[Listed records]

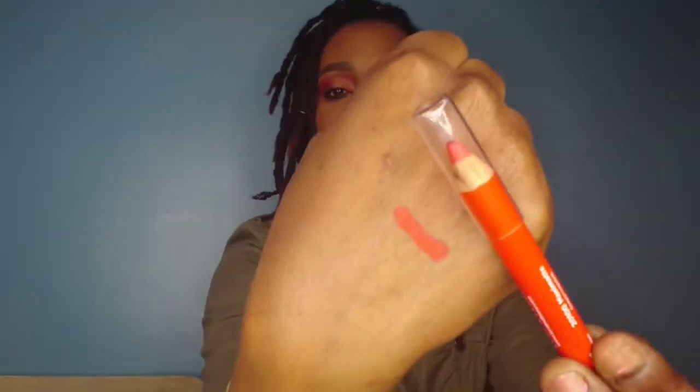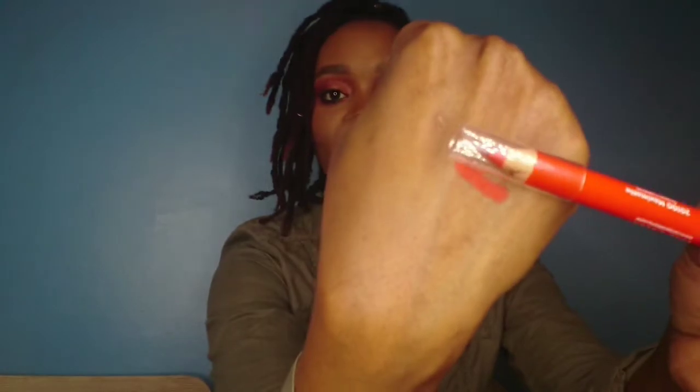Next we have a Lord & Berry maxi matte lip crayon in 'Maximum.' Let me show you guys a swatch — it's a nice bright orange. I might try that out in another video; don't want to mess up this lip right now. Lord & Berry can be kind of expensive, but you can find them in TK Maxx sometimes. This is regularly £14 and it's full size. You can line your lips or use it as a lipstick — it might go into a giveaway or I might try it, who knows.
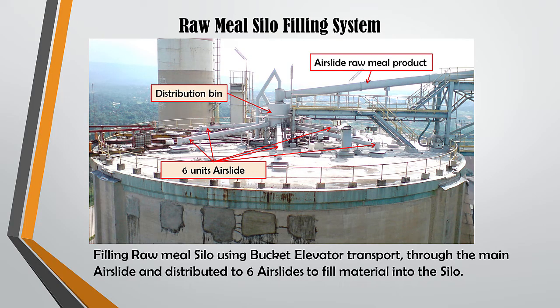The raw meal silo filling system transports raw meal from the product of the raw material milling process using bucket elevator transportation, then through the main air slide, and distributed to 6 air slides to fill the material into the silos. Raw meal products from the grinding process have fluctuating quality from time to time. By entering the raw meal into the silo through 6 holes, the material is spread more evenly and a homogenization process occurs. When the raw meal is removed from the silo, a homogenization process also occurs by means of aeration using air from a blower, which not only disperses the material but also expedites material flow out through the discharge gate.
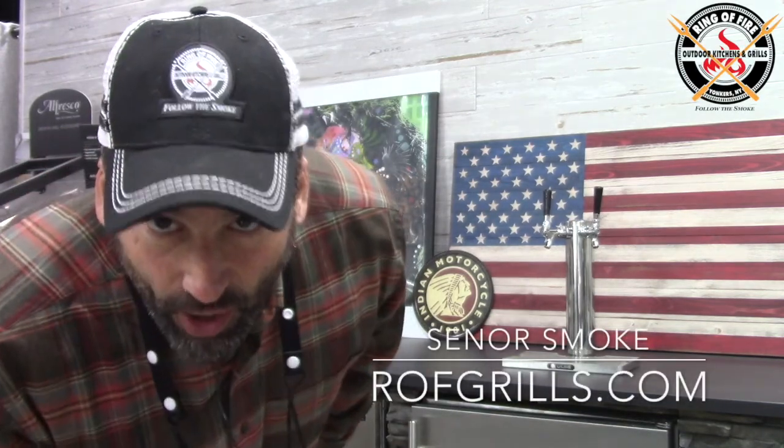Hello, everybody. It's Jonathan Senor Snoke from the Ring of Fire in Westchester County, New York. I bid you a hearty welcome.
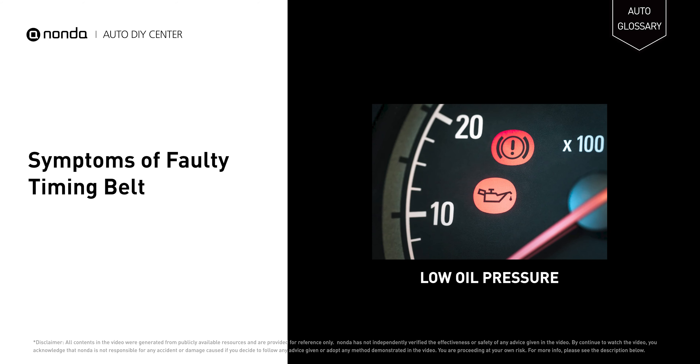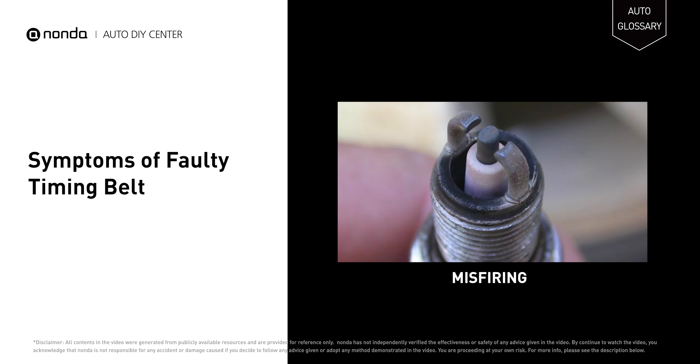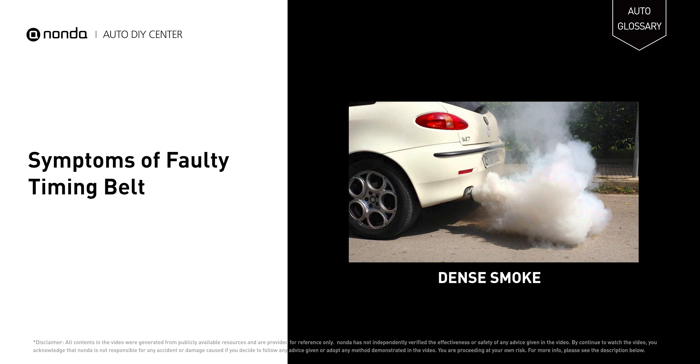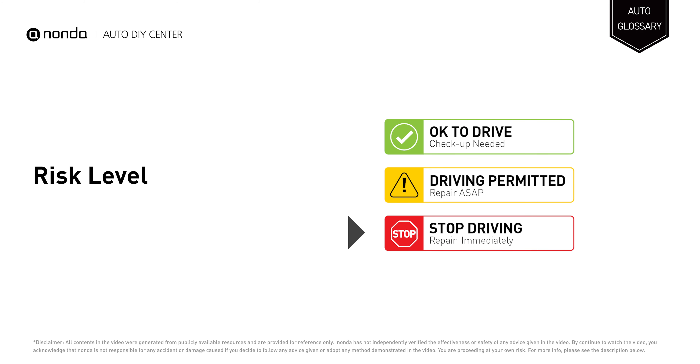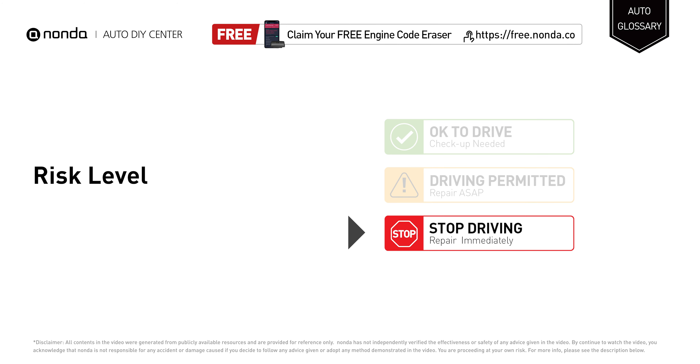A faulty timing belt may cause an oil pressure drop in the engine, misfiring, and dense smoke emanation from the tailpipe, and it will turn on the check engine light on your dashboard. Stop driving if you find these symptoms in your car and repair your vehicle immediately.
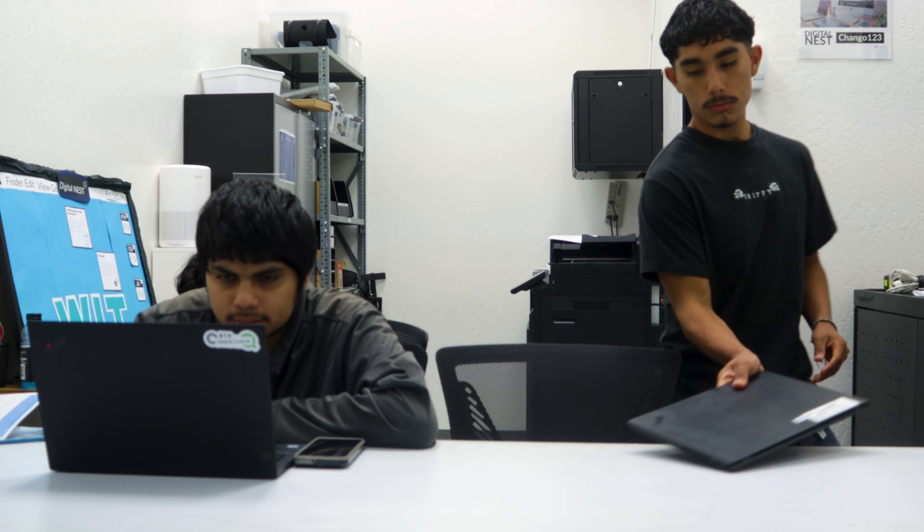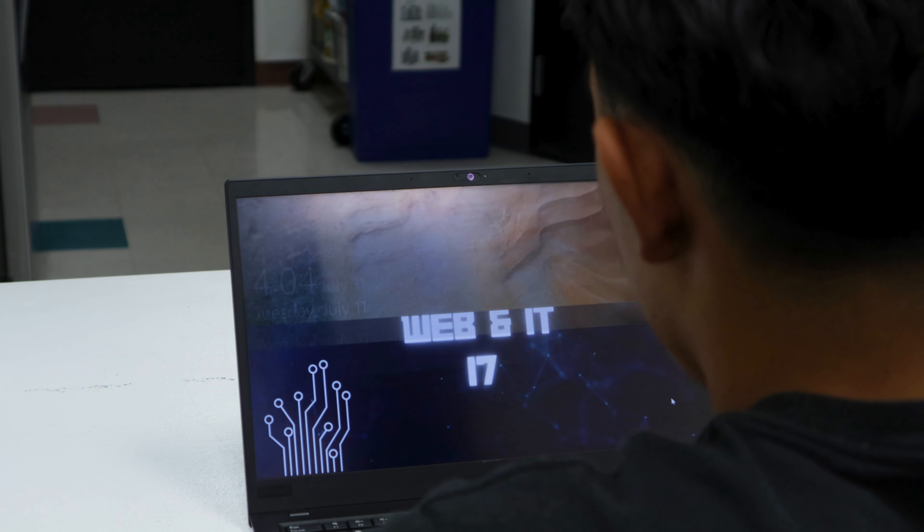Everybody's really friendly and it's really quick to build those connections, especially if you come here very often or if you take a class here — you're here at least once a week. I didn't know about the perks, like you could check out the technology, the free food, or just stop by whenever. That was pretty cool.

[/Listed records]

Work instruction
Please repeat every record exactly as it stands, leaving out any pictures.

Solution below
Next we have a Lord & Berry maxi matte lip crayon in 'Maximum.' Let me show you guys a swatch — it's a nice bright orange. I might try that out in another video; don't want to mess up this lip right now. Lord & Berry can be kind of expensive, but you can find them in TK Maxx sometimes. This is regularly £14 and it's full size. You can line your lips or use it as a lipstick — it might go into a giveaway or I might try it, who knows.
The raw meal silo filling system transports raw meal from the product of the raw material milling process using bucket elevator transportation, then through the main air slide, and distributed to 6 air slides to fill the material into the silos. Raw meal products from the grinding process have fluctuating quality from time to time. By entering the raw meal into the silo through 6 holes, the material is spread more evenly and a homogenization process occurs. When the raw meal is removed from the silo, a homogenization process also occurs by means of aeration using air from a blower, which not only disperses the material but also expedites material flow out through the discharge gate.
Hello, everybody. It's Jonathan Senor Snoke from the Ring of Fire in Westchester County, New York. I bid you a hearty welcome.
A faulty timing belt may cause an oil pressure drop in the engine, misfiring, and dense smoke emanation from the tailpipe, and it will turn on the check engine light on your dashboard. Stop driving if you find these symptoms in your car and repair your vehicle immediately.
Everybody's really friendly and it's really quick to build those connections, especially if you come here very often or if you take a class here — you're here at least once a week. I didn't know about the perks, like you could check out the technology, the free food, or just stop by whenever. That was pretty cool.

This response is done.